Intinya, lanjut Agung, “Kami hanya mengelola aspek manajerialnya, mulai dari memasarkan, merawat, bahkan mentraining buttler oleh tenaga ahli perhotelan. Soal bagi hasil, tiap bulan Simply Homy akan memberikan laporan kepada pemiliknya. Bagi hasil diberikan per bulan setelah dikurangi biaya listrik dan gaji. Jumlahnya pasti beda setiap bulannya, tergantung banyaknya tamu. Tapi paling tidak dalam sebulan bisa dihuni 10 kali,” tegas Agung.

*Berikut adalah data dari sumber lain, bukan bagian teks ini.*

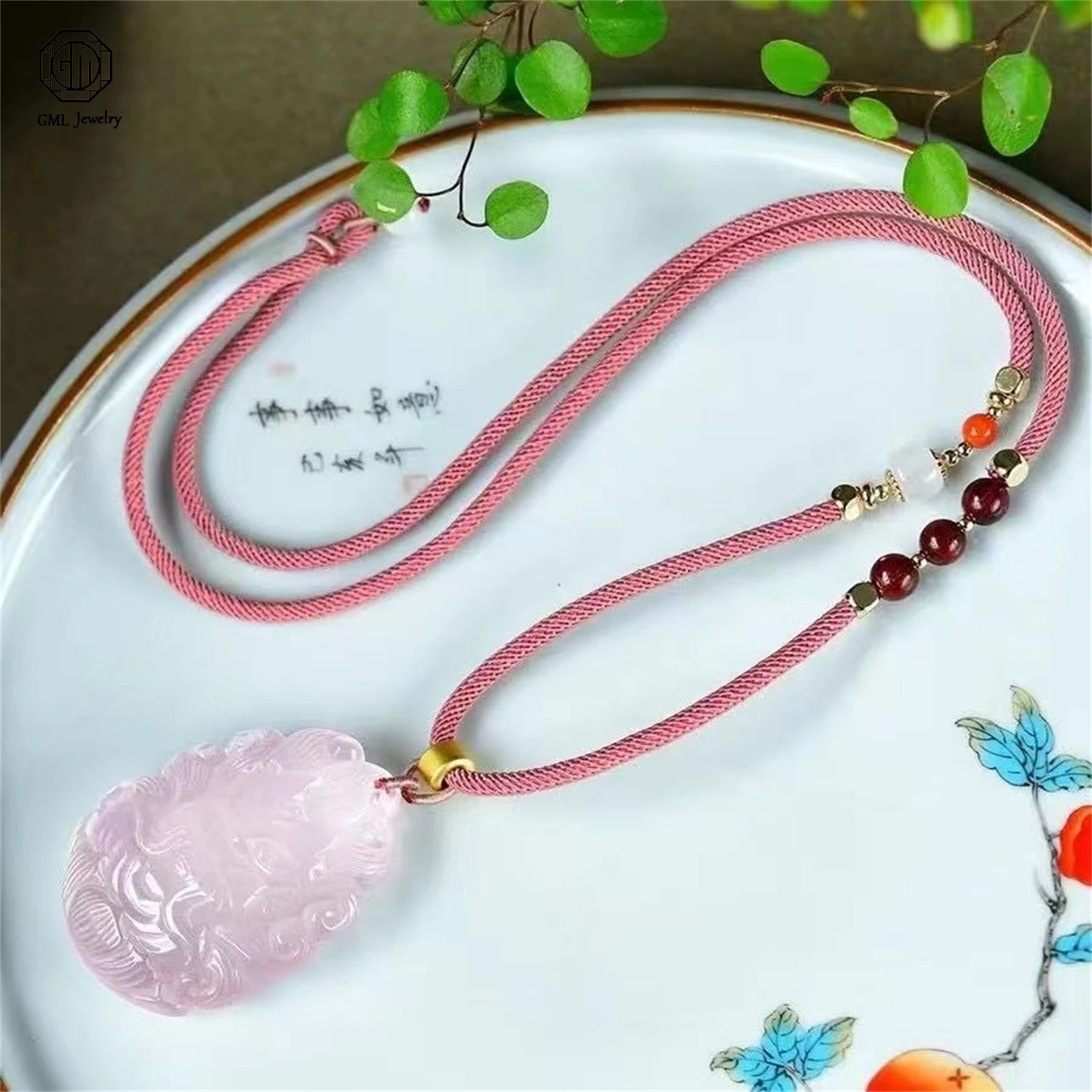 Natural Amethyst Enchanting Fox Pendant Women Crystal Long Chain Sweater Necklace Nine Tailed Fox Girl Accessories Jewelry Gift
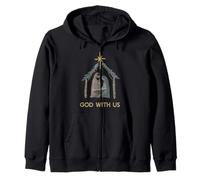 Love Came Down Christian Christmas Nativity Manger Jesus Zip Hoodie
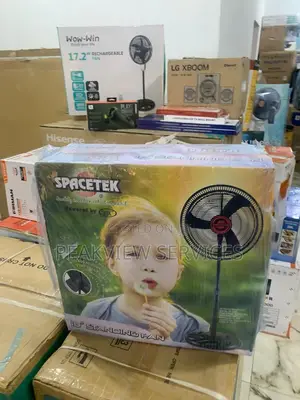 Spacetek 18'' 3-Speed Adjustable Standing Fan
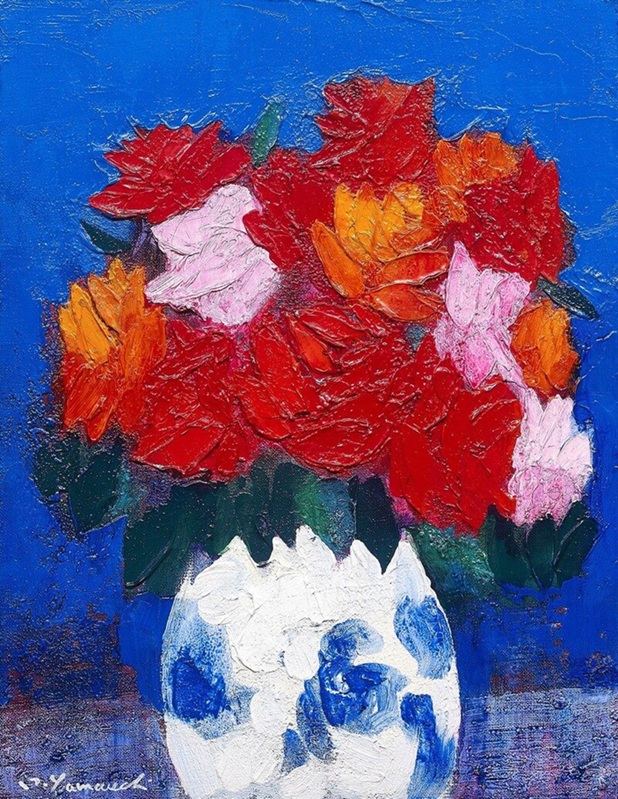 磁器のバラ 6号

Buttler yang tinggal di dalam rumah bertugas sebagai petugas keamanan, kebersihan, perawatan serta penerima tamu. Tanggung jawabnya menunggui tamu selama menginap maupun saat tidak ada tamu, “Kami punya pengalaman buruk. Pernah tamu tidak ditunggu, ada barang yang melayang atau terbawa tamu. Jadi tugas buttler juga harus men-check list semua barang dan fasilitas rumah. Kalau ada yang rusak atau hilang, si penyewa harus menggantinya. Itu SOP kami.
Simply Prime
Sukses dengan bisnis laundry kiloan dan Simply Home, serta menjadi pembicara ke berbagai tempat, Agung semakin dilirik pihak ketiga. Tahun 2013, Agung diajak ke Korea dan Jepang untuk bertemu dengan para TKI yang bekerja di industri-industri besar. “Saya diminta menggandeng para TKI itu untuk berinvestasi ke bisnis saya di Indonesia. Pasalnya, gaji para TKI itu besar, bisa mencapai Rp50 juta per bulan. Biasanya, sebagian uang yang dikirim ke keluarga di Indonesia habis begitu saja,” terang Agung yang kemudian mempresentasikan bisnisnya di Indonesia kepada para TKI tersebut.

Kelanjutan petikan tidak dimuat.